A recent article by Des Moines Register sportswriter Matthew Bain indicates Proctor has his head screwed on and will carefully select a college program that he believes can enhance his chances of success in the NFL. 

That’s a weighty decision for someone as young as Proctor and far be it from me to attempt to influence him, even though I know ISU’s Matt Campbell would love to be Proctor’s next mentor.  

But I do want to suggest something young Proctor should consider in scripting his career. As a future NFL player, he should look at schools with strong finance and business leadership programs, because once he’s out of college and playing on Sunday afternoons, proper management of money and those around him will be the real keys to success and happiness.

Mountains of solid waste
With just under 3.2 million people, Iowa’s population growth has lagged the nation as a whole every decade since 1880. Iowa’s 10-year growth in 2020 amounted to 4.8%, or roughly two-thirds of the national rate of 7.4%.

When it comes to animals, though, it’s hard to beat Iowa. In 2019, Iowa counted 24 million hogs, more than 2 million cattle, 80 million chickens and nearly 5 million turkeys. 

Even more startling is the amount of waste those animals produce. 

A recent article by Randy Evans for the Iowa Capital Dispatch quotes Chris Jones, a scientist at the Iowa Institute of Hydraulic Research, as saying Iowa’s hog population alone produces waste that is the equivalent of 83.7 million people.
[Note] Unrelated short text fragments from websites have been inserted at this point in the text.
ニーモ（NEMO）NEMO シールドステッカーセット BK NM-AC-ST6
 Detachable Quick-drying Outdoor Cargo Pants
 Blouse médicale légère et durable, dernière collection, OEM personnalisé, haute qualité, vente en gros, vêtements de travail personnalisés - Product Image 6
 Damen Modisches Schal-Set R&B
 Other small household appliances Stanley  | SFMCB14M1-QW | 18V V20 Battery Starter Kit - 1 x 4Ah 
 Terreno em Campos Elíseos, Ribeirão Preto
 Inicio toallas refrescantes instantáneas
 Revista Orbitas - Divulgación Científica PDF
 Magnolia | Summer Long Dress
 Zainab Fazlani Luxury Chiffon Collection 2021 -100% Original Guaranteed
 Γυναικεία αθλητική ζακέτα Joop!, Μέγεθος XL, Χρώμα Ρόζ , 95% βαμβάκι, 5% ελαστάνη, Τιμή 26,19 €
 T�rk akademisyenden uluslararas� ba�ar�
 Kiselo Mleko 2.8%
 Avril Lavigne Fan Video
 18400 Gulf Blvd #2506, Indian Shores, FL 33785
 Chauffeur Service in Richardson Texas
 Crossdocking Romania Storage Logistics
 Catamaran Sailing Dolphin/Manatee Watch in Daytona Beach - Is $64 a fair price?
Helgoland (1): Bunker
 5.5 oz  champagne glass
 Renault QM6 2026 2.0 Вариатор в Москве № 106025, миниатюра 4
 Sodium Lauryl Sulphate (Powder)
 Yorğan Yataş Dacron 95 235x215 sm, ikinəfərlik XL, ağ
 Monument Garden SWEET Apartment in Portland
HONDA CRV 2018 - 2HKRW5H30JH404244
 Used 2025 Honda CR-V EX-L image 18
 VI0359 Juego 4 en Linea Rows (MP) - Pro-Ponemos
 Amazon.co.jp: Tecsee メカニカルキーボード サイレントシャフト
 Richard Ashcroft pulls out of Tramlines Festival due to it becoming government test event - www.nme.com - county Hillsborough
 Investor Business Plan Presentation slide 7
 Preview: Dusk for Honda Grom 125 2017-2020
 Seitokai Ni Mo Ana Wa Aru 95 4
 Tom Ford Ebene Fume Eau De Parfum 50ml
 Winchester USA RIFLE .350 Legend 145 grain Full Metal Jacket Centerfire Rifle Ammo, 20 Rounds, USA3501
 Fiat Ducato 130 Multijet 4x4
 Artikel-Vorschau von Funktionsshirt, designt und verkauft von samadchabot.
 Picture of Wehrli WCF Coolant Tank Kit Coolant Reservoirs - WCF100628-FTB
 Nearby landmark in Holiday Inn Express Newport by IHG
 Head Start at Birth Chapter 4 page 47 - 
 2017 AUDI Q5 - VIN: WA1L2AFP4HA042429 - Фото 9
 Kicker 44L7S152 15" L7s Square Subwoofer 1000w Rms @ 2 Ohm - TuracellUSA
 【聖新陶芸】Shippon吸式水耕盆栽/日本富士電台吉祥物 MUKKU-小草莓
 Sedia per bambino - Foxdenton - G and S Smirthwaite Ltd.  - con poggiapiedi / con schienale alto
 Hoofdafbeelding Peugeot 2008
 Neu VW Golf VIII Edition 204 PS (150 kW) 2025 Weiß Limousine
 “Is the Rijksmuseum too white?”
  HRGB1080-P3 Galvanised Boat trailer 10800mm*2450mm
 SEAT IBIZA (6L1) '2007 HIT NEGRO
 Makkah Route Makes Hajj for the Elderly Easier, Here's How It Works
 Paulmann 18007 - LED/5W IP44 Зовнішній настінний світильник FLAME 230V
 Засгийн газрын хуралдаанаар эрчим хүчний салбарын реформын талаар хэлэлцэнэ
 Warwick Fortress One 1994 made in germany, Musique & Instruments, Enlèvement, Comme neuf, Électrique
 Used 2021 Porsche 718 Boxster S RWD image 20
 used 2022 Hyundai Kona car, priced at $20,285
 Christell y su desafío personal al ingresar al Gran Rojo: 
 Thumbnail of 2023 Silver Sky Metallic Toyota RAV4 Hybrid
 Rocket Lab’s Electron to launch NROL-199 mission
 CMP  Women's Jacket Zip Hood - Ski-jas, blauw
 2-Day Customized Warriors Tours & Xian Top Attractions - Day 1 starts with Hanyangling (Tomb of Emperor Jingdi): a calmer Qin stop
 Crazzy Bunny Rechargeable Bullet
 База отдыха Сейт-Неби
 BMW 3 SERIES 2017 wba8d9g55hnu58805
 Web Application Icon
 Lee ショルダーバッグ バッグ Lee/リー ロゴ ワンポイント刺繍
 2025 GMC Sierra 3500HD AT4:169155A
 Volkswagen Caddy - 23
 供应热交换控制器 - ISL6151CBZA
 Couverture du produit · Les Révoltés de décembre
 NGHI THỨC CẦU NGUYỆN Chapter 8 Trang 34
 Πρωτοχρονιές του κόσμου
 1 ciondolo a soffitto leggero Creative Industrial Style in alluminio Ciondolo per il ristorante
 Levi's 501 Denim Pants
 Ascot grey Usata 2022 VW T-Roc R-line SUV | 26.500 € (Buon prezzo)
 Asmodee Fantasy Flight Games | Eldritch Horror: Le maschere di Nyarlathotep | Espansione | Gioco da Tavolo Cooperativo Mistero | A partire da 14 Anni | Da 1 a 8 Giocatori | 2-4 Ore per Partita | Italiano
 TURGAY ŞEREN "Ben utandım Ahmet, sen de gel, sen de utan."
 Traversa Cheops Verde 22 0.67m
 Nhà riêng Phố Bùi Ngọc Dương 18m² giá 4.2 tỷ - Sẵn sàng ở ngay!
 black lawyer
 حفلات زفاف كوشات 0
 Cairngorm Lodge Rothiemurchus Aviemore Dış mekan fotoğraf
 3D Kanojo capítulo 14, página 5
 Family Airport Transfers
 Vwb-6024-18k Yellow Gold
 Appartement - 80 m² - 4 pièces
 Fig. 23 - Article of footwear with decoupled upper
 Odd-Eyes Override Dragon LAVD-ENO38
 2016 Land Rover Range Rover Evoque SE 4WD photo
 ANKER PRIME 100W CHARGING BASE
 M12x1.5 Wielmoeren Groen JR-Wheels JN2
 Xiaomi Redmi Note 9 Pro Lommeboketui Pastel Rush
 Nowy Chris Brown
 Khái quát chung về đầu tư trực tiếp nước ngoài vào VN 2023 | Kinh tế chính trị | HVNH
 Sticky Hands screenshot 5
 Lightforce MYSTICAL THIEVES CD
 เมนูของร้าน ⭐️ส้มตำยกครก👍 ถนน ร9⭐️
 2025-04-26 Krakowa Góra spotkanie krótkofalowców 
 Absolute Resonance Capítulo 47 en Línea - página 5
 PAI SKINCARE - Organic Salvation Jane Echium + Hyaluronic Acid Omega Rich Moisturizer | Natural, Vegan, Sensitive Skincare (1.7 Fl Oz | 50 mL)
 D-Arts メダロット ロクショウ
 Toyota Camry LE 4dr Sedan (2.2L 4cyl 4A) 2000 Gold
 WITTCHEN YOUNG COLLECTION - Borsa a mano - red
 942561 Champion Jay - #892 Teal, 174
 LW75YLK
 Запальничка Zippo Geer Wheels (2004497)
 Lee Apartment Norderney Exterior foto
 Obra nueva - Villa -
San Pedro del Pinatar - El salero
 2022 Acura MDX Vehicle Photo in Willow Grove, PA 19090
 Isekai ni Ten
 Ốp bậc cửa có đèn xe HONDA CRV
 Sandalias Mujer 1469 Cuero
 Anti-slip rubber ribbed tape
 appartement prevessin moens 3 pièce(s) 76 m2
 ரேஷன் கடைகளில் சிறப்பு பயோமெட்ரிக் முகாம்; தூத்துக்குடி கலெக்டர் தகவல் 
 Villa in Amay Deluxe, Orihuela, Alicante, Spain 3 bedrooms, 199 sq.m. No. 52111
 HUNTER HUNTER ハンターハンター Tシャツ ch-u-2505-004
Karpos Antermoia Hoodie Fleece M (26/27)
That’s more than twice the population of California (39.4 million) and four times the population of New York (20.2 million).

Add in the waste of Iowa’s cattle and poultry and it’s difficult to fathom the amount of damage inflicted on Iowa’s lakes and rivers by what Jones describes as “this Mount Everest of waste.”

The point of Evans’ article was that despite the magnitude of the problem, Iowa’s lawmakers were too busy with social engineering this year to tackle the very real problem of water quality. 

Not much has changed
Abraham Lincoln “once warned that America could be taken over by a despotic leader who served himself, and not the nation,” author David S. Reynolds wrote in his 2020 biography “Abe: Abraham Lincoln in His Times.”

Reynolds noted that a journalist who covered Lincoln’s 1858 debates with Stephen Douglas said Douglas “suppressed facts, twisted conclusions, and perverted history. He wiggled and turned and dodged; he appealed to prejudices; in short, it was evident that what he was laboring for was Douglas and nothing else.”

Reynolds added: “Douglas’s constant insults and evasions led Lincoln to compare him to a cuttlefish, ‘a small species of fish that has no mode of defending itself when pursued, except by throwing out a black fluid, which makes the water so dark the enemy cannot see it, and thus it escapes.’”  

Vroomm, Vrroommm
When Tesla came out with its first electric vehicles a decade ago, one of the first things buyers noticed was how quiet they were. With no internal combustion (explosions) under the hood, there was no reason for noise.

Nonetheless, the first generation of Tesla owners had to put up with drivers who would occasionally pull alongside and rev their engines to issue a challenge. 

Fortunately, it wasn’t long before antagonists realized how ridiculous that was. Tesla drivers could squeeze a foot to the floor and be a quarter mile down the road before Mr. Muscle Car hit second gear. 

But you knew it wouldn’t last. According to promotions, Ford’s new electric Mustang comes with sound effects engineered to combine “a futuristic tone with that of a classic muscle car.”